Pictures do not belong in the copy, so please give every entry below again exactly.

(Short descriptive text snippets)
====================
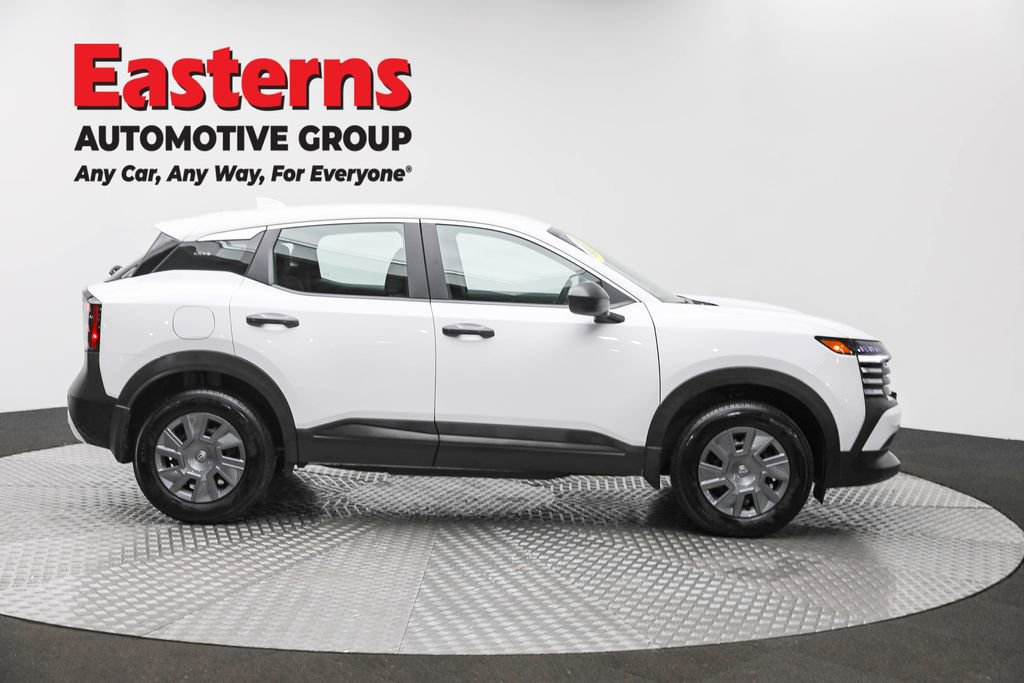 Used 2025 Nissan Kicks S image 4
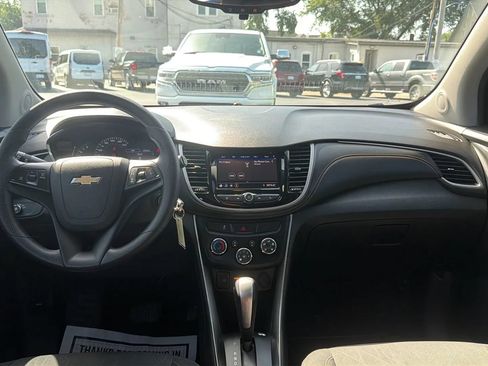 Used 2020 Chevrolet Trax LT FWD image 11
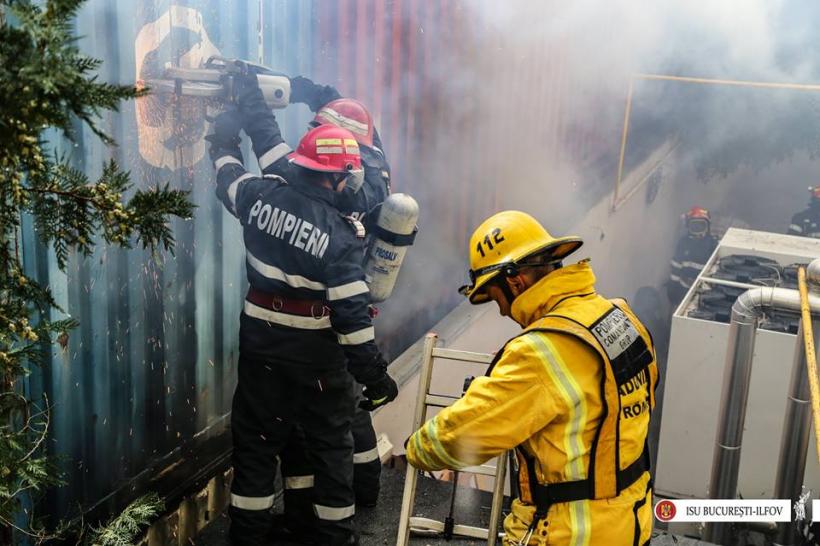 GALERIE FOTO - Interventia dramatică a pompierilor la incendiul de la căminul de bătrâni 18589214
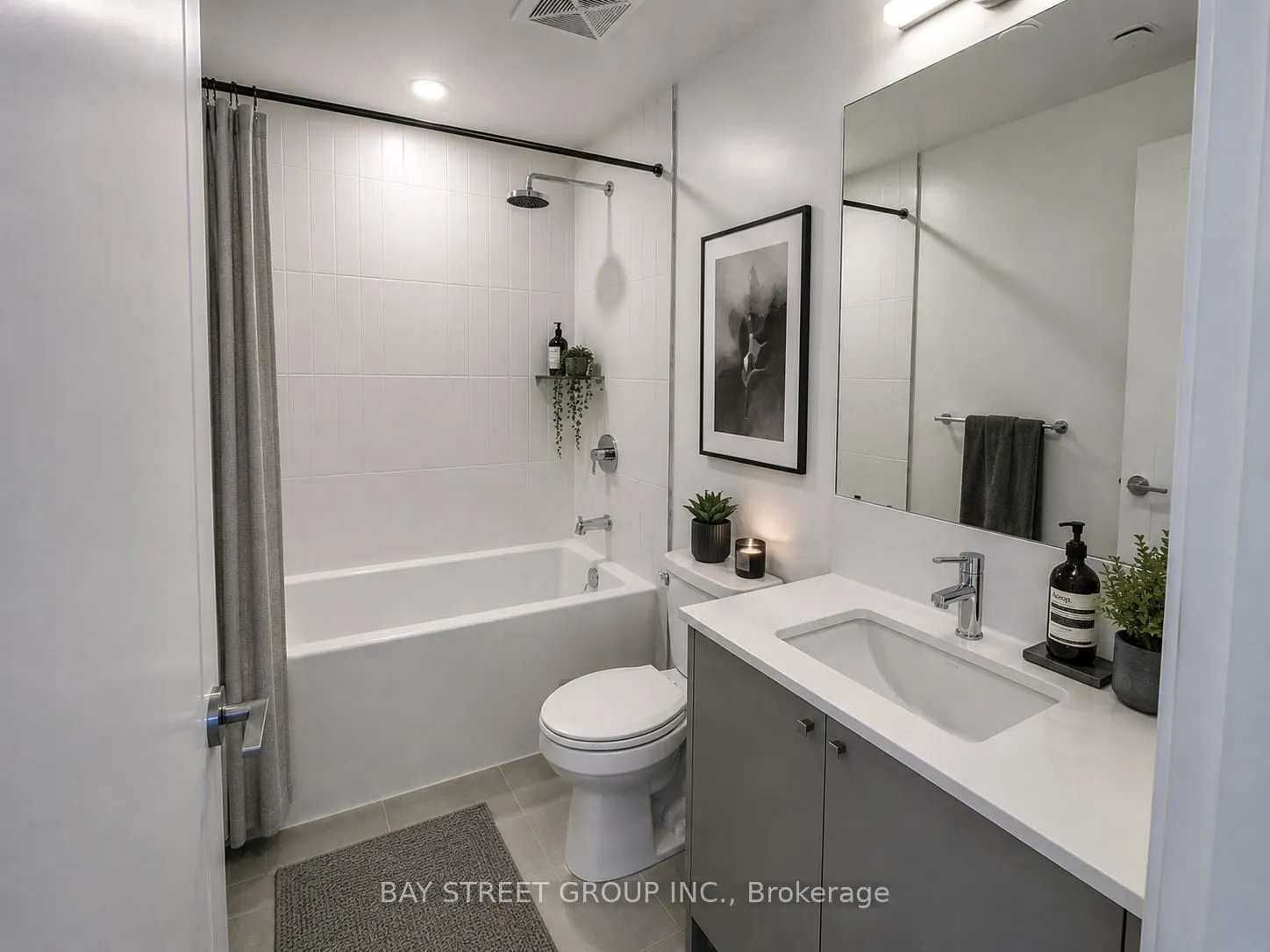 10 Oak Street #1102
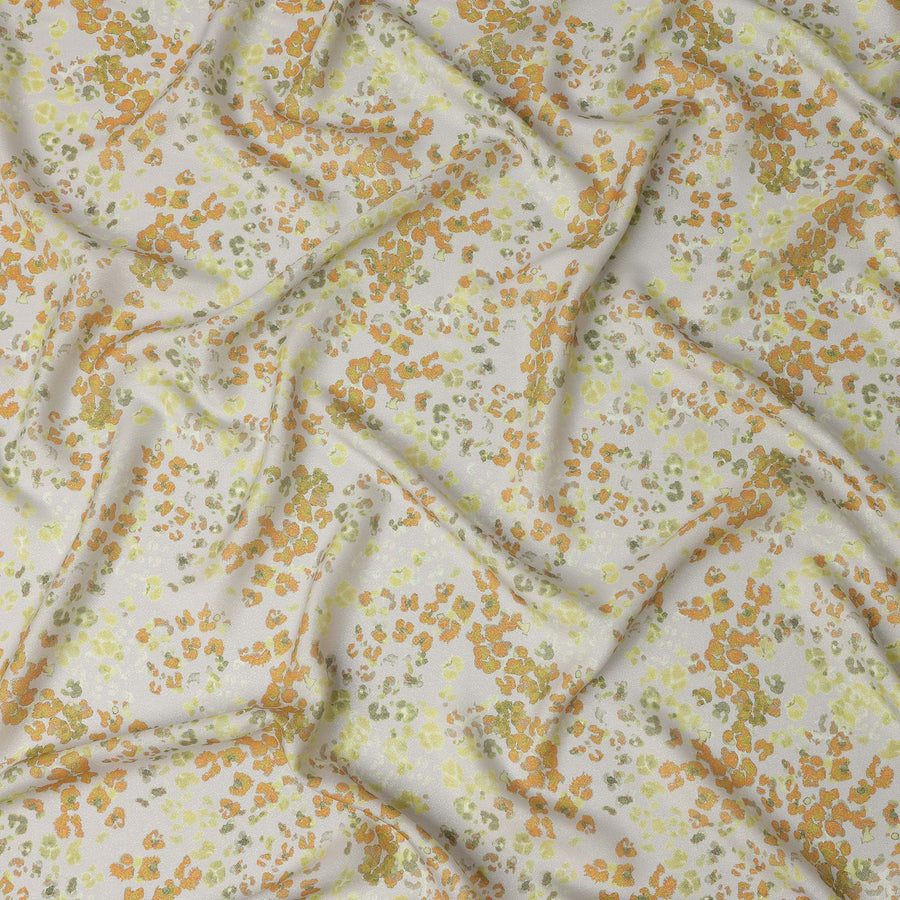 قماش ساتان حريري نقي رمادي فاتح بطبعة تجريدية باللونين الأصفر والبرتقالي - 140 سم، مستورد من كوريا الجنوبية - D22286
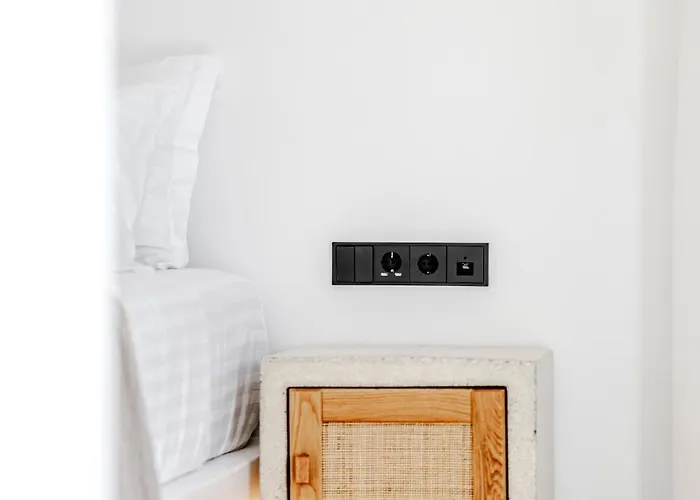 La Grande Vue-private Hilltop With Private Pools * Vivlos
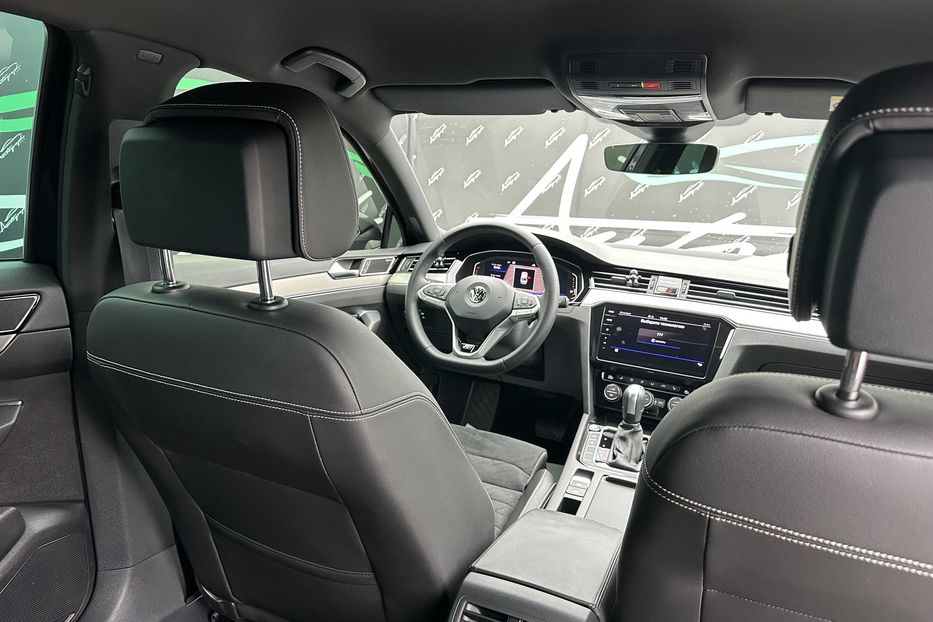 Продам Volkswagen Passat B8 R-Line 4motion 2020 года в Киеве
====================
◆ SOLVED PROBLEM:
 Used 2025 Nissan Kicks S image 4
 Used 2020 Chevrolet Trax LT FWD image 11
 GALERIE FOTO - Interventia dramatică a pompierilor la incendiul de la căminul de bătrâni 18589214
 10 Oak Street #1102
 قماش ساتان حريري نقي رمادي فاتح بطبعة تجريدية باللونين الأصفر والبرتقالي - 140 سم، مستورد من كوريا الجنوبية - D22286
 La Grande Vue-private Hilltop With Private Pools * Vivlos
 Продам Volkswagen Passat B8 R-Line 4motion 2020 года в Киеве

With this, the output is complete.